Regardless, I rewatched what I deemed my favorite movie of his, Rushmore, as research, only to be reminded that I find Anderson's very act of storytelling to be loathsome. Cute, over-stylized, precious, detail-obsessed to the point of being emotionally circumscribed, I remain unable to put my thumb exactly on what shuts me down whenever someone in mixed company gushes about how The Royal Tennenbaums changed their life. Call it the "IAAOTS" effect.
As consolation prize for not taking that transatlantic trip, I instead went to an afternoon screening of The Darjeeling Limited. The story of three brothers (Owen Wilson, Adrien Brody, Jason Schwartzman) on a continental train through India, it won't soon get mistaken for Jean Renoir's The River, much less A Passage to India, but Anderson has never been about outer landscapes. And for all his hinting at inner landscape (dashed when his characters suddenly state exactly how they're feeling), he hasn't been really about that topography either.
Yet Darjeeling surprisingly is his most emotionally resonant effort, despite his seeming intention to dash that at almost every turn with his over-reliance on soundtrack (synched to sloooow-mooootion movements), meticulous set dec, and too-clever dialogue. Which he does, opting out of a low-key soundtrack of music cues from Satyajit Ray and Ravi Shankar so as to inject some klassic Kinks and Stones back into the characters' iPods. Even the movie's most emotional and hard-fought scene in India threatens to get dashed completely when Anderson inserts a slapstick flashback. And aside from perhaps a contractual obligation to Ms. Natalie Portman (for getting buck-ass naked for her one scene in a Paris hotel, which was then edited from the film), I still cannot fathom why you have to watch it as a separate mini-movie before the real movie even starts.
When the movie excels is when Anderson slackens the reigns and allows things like gesture and silence to accrue between the brothers. “Maybe we could express ourselves more fully without words” is the suggestion made by Owen Wilson's character. Thankfully, it's then followed. Acting through a thick swaddling of gauze and padding throughout, Wilson at one point unfurls this mask, revealing some truly hideous gashes. Staring into the mirror, unable to deny the truth of his injuries, he then carefully re-wraps his open wounds and mumbles "I've got some more healing to do." The psychoanalysts at US Weekly are gonna have a field day with that scene.
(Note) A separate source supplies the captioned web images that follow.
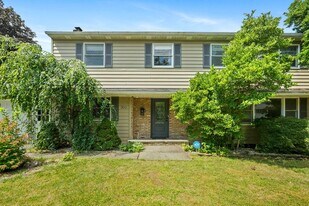 300 Murray Hill Rd in Vestal, NY - Building Photo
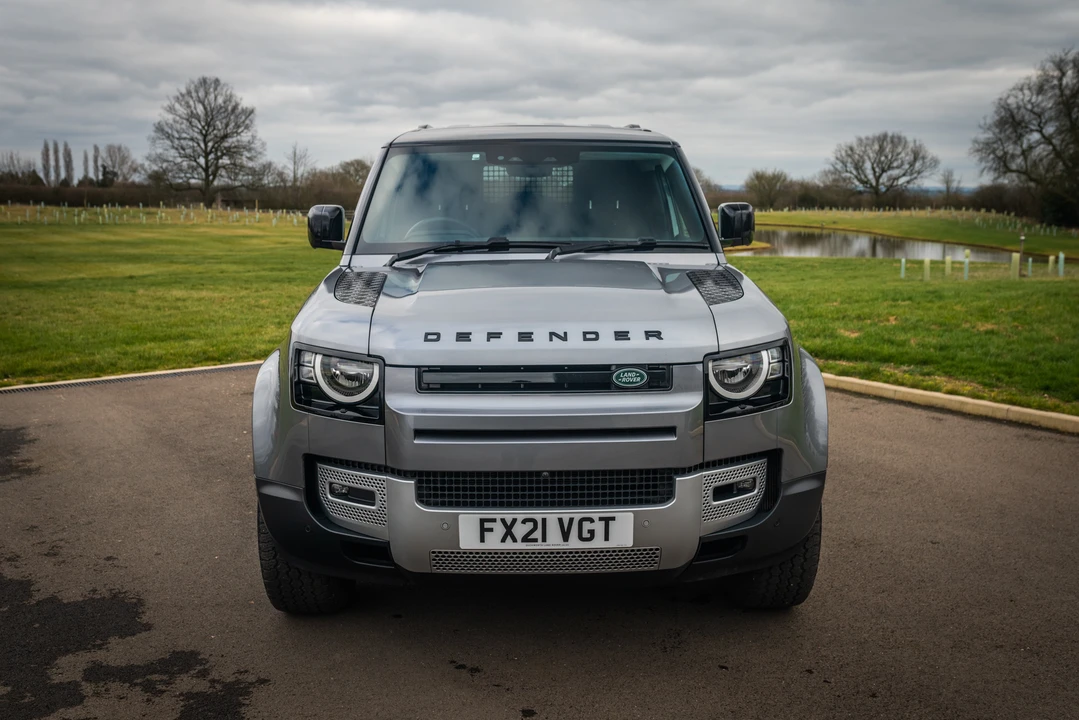 2021 Land Rover Defender 90 - Image 3 of 31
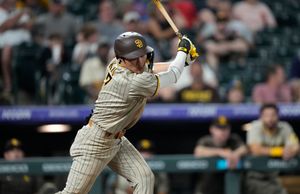 C.J. Cron homers twice, defense puts on a clinic as Colorado Rockies beat  the San Diego Padres, Rockies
Invoking paparazzi (what's beta blog coming to?), a painter friend recently went out to LA, where he found himself not only at the dinner table with that other Paris, but subjected to the surreal strobe light gauntlet of flashing bulbs as they then made their way to some party. "So what's she really like?" I asked. He remarked that she was in complete control of the circus, expertly playing her part. So as to not post both a video link to YouTube and Celebs.com in one entry, you can look for his potato-head popping up here. He says that the clip does not adequately convey the hallucinatory gauntlet of popping bulbs that accompanied their every step, making for a strange trip down the block.